Para pengamat berpendapat bahwa terjadinya perbedaan di dalam dunia Islam
tersebut diakibatkan oleh tradisi sejarah dan warisan kolonial, perpecahan
etnis, tingkat perkembangan ekonomi dan peran kekuasaan kaum fundamentalis
keagamaan di negara-negara yang berbeda. Maka tidak fair membandingkan Muslim
yang ada di Jakarta, Riyadh dan Istanbul dalam suatu kelompok budaya.[20]

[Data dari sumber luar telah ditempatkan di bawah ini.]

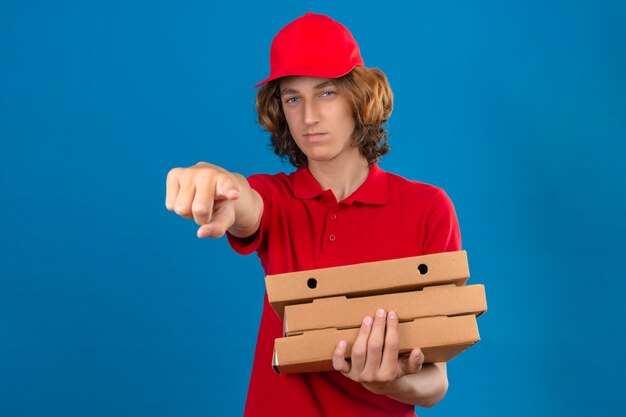 Giovane uomo di consegna che indossa uniforme rossa che tiene le scatole per pizza che punta dispiaciuto e frustrato per la fotocamera su sfondo blu isolato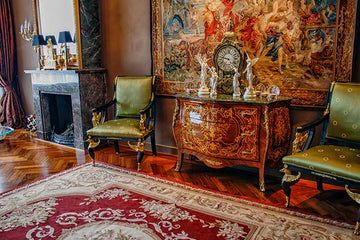 An interior photo of a professionally designed Classical decor style living room with wood floors, a black marble fireplace, a large painting on the wall, a red rug, and ornate wood furniture
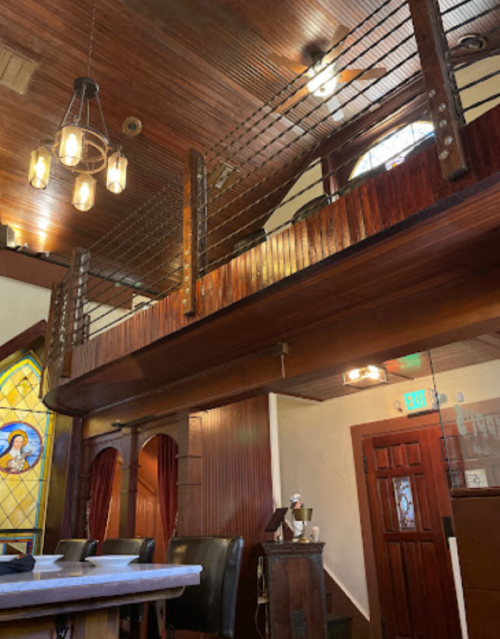 Interior of a rustic space featuring wooden beams, a balcony, and stained glass windows. Warm lighting enhances the ambiance.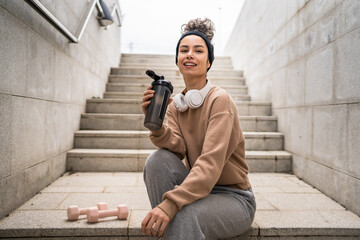 One young woman caucasian female hold supplement shaker outdoor in day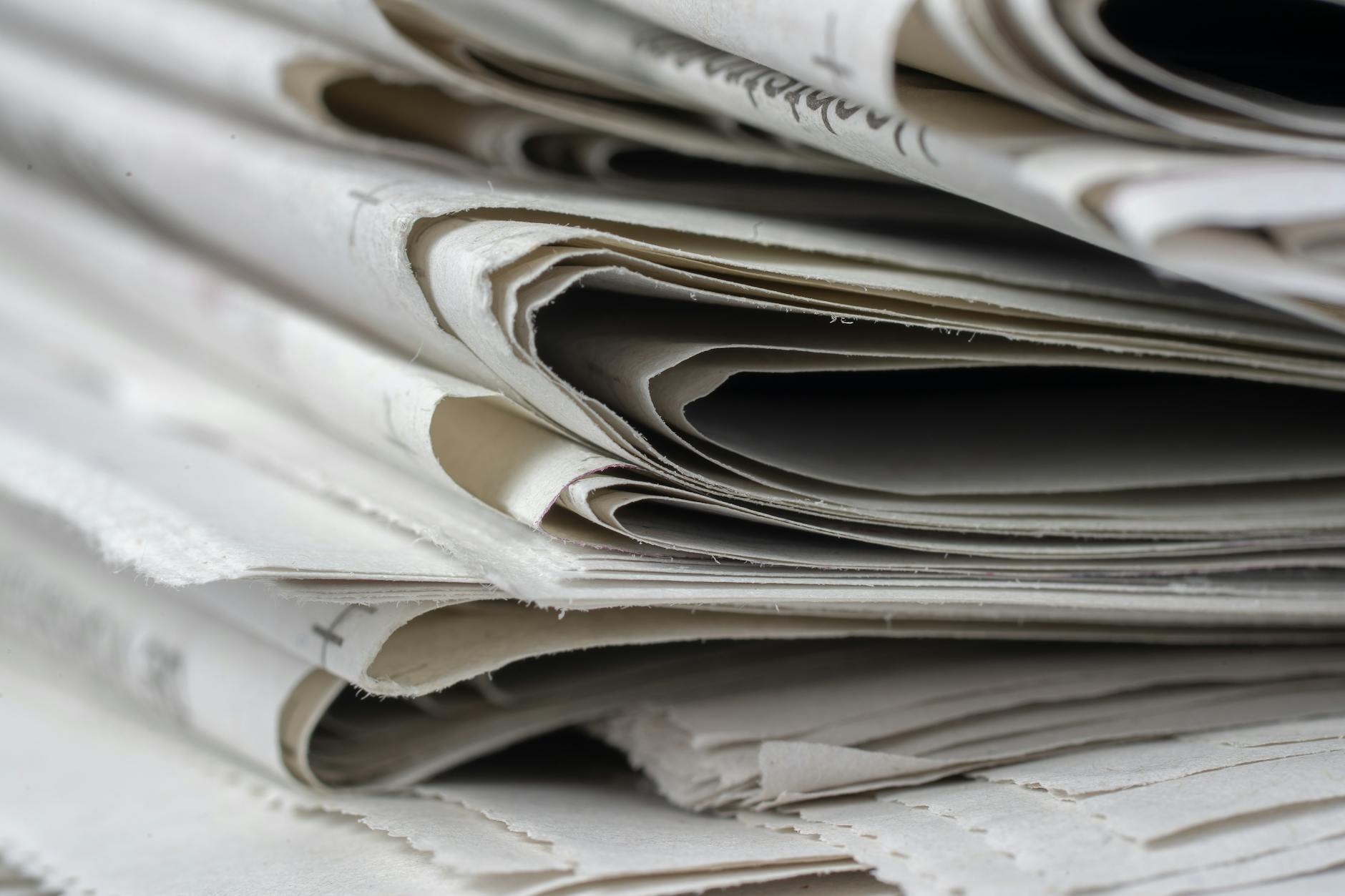 Stacked newspapers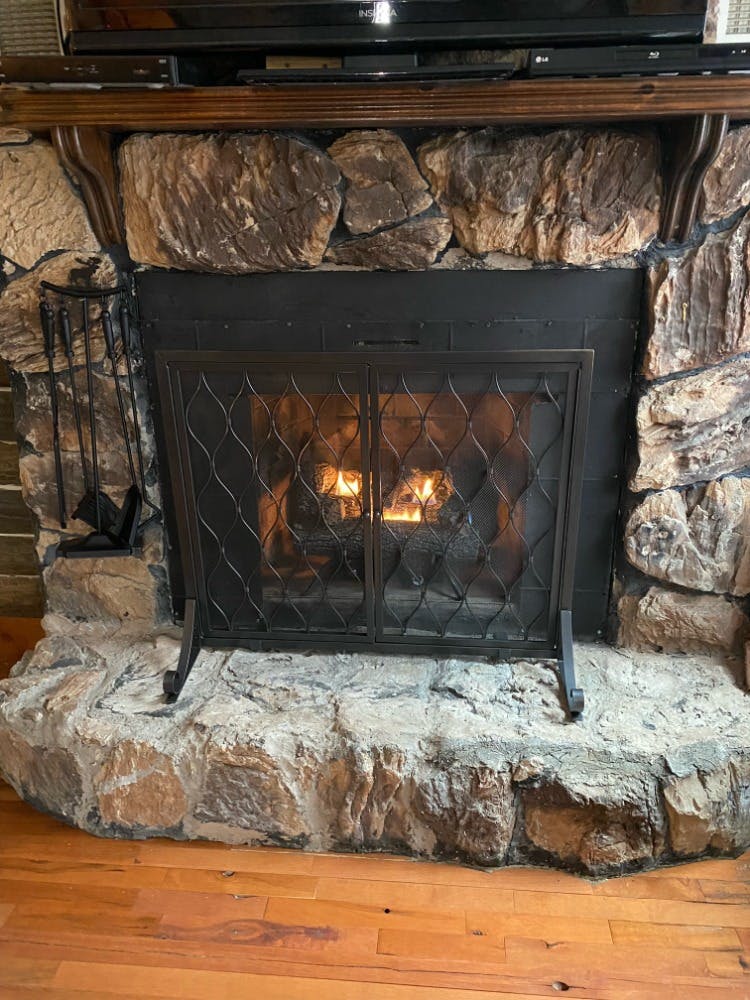 Lincoln Hills Cabin Fireplace at Best Bear Lodge & Campground. Irons, Michigan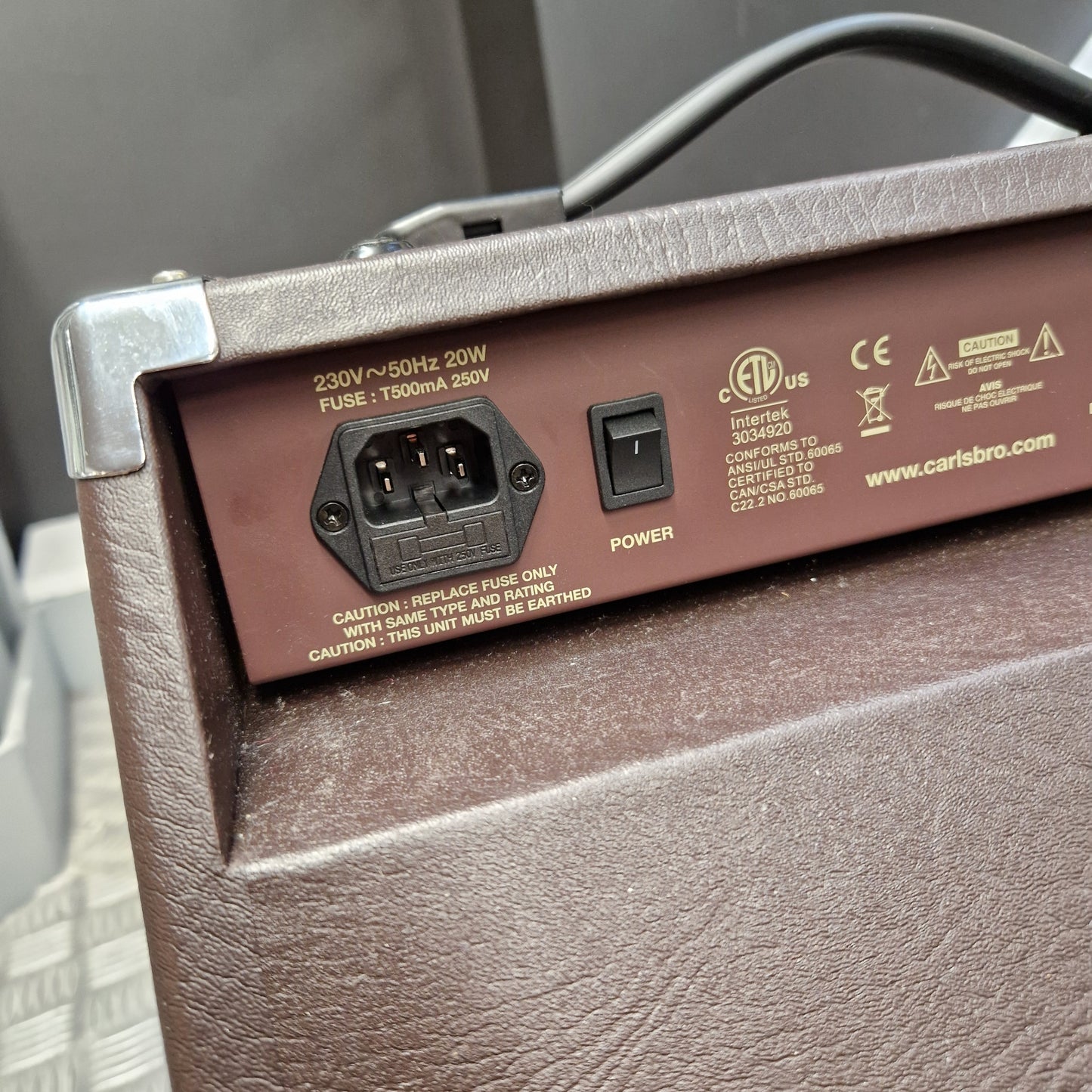 Pre-Owned Carlsbro Sherwood 20R Close-up of the rear power supply panel of a brown textured speaker or amplifier, showing a single switch labeled POWER and a 200W AC/DC power outlet, with UL certification marks and website text printed on it.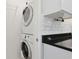 Convenient laundry space with stacked washer/dryer and modern white cabinetry at 584 Circle Dr., Surfside Beach, SC 29575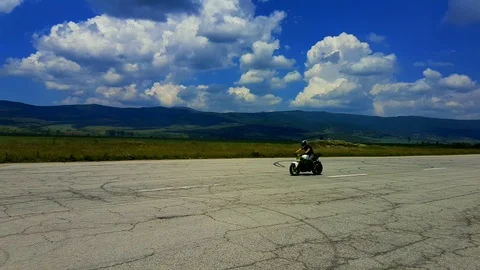 High end acrobatic biker in action training on an abandoned former air-strip Stock Footage 90008756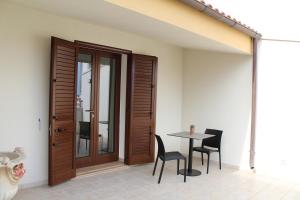 a patio with a table and chairs and a door at B&B San Vito in Tricase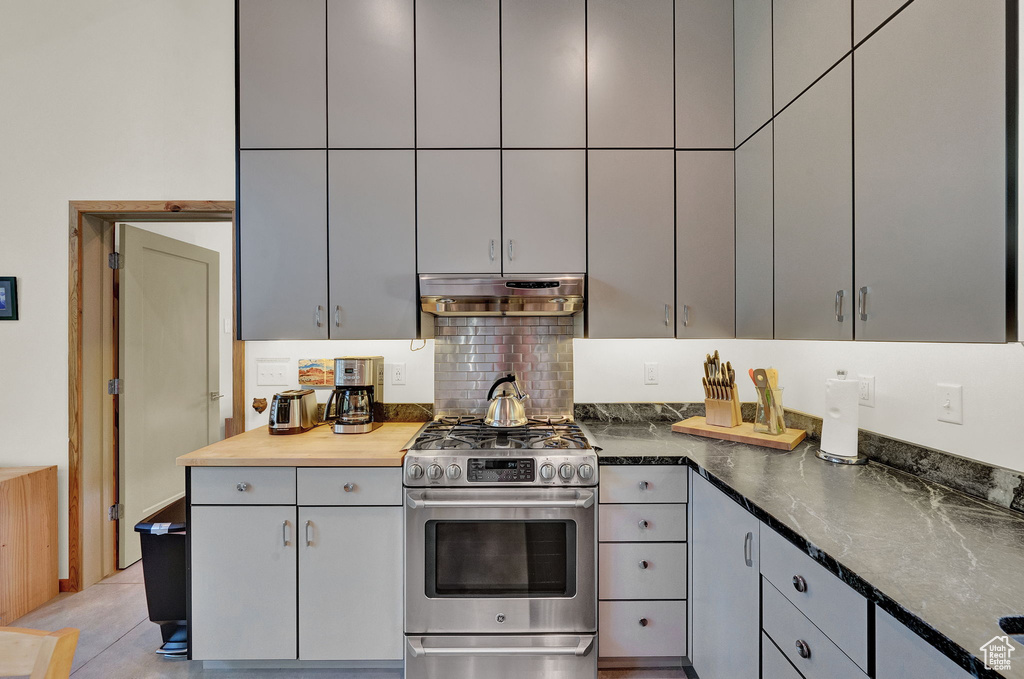 Kitchen featuring range hood, gray cabinetry, stainless steel gas stove, tasteful backsplash, and light tile flooring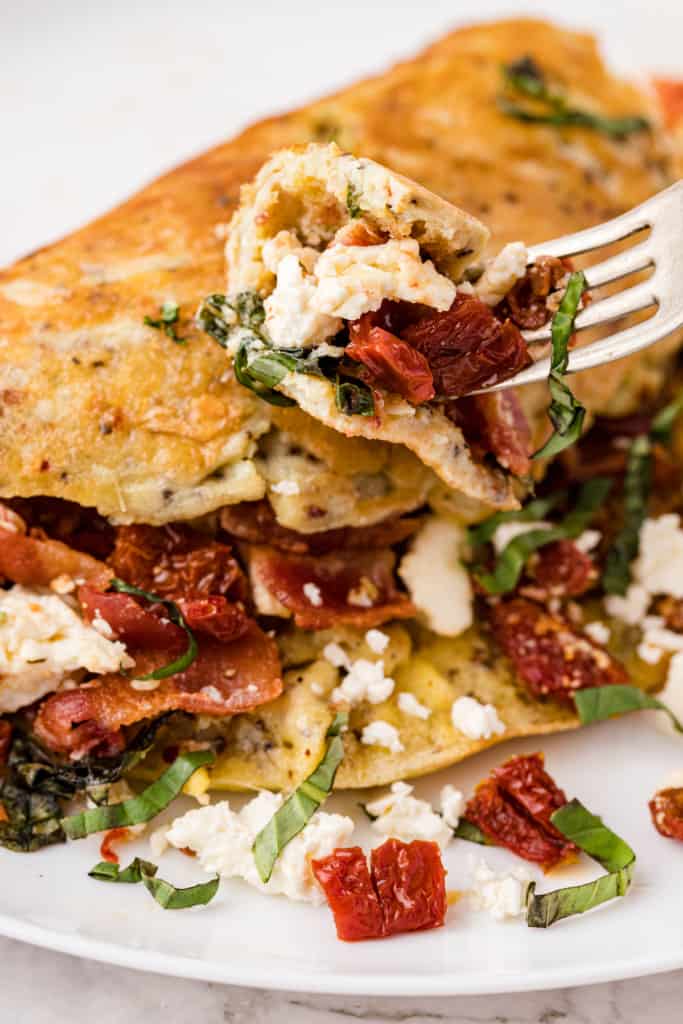 one bite of sun-dried tomato omelet with bacon and feta cheese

Peristiwa 11 September 2001, menurut mereka disebabkan oleh
keyakinan-keyakinan ideologis ekstrem yang diyakini oleh kelompok-kelompok
al-Qaeda dan kalangan fundamentalis Taliban, bukan opini publik Muslim pada
umumnya. Seperti halnya merupakan kesalahan jika memahami pengeboman Kota
Oklahoma 1995 sebagai serangan kolektif terhadap pemerintah federal yang
dilakukan oleh kaum fundamentalis Kristen, bukan ulah dari individu-individu.
Hubungan Dunia
Muslim dan Barat
Maxime Rodinson, seorang cendikiawan Perancis
menyatakan bahwa umat Kristen di Barat mempersepsi dunia Muslim sebagai bahaya,
jauh sebelum Islam dilihat sebagai masalah nyata. Sejahrawan Inggris Albert
Haourani senada dengan pernyataan Rodinson. Dia mengatakan bahwa kemunculan
Islam merupakan maslah bagi Eropa-Kristen. Bangsa Kristen tdak menerima
kenabian Muhammad dan wahyu yang diturunkan kepadanya, Allah bukanlah Tuhan dan
Islam hanya karangan orang-orang yang berwatak dan berniat buruk dan didukung
oleh kekuatan pedang.
Hubungan antara kaum Muslim dan Non Muslim Barat
(Kristen Eropa) adalah hubungan penuh dengan ketegangan, yang dimulai dengan
ekspansi militer-politik Islam klasik yang menimbulkan kerugian Kristen dengan
kulminasinya berupa pembebasan konstatinopel, kemudian Perang Salib, lalu
berbalik, berkembang dalam tatanan dunia yang dikuasai oleh Barat
imperalis-kolonialis atas Dunia Islam sebagai yang paling dirugikan. Disebabkan
oleh hubungan anatar Islam dan Barat yang traumatik tersebut, maka diskursus
Islam tentang negara berlangsung dalam kepahitan menghadapi Barat sebagai
musuh.[21]
Interaksi berabad-abad telah menoreh catatan buruk
antara Islam dan Barat yang beragama Kristen. mereka sama-sama mengklaim sebuah
misi dan pesan universal dan mewarisi budaya Yahudi-Kristen dan Yunani-Romawi.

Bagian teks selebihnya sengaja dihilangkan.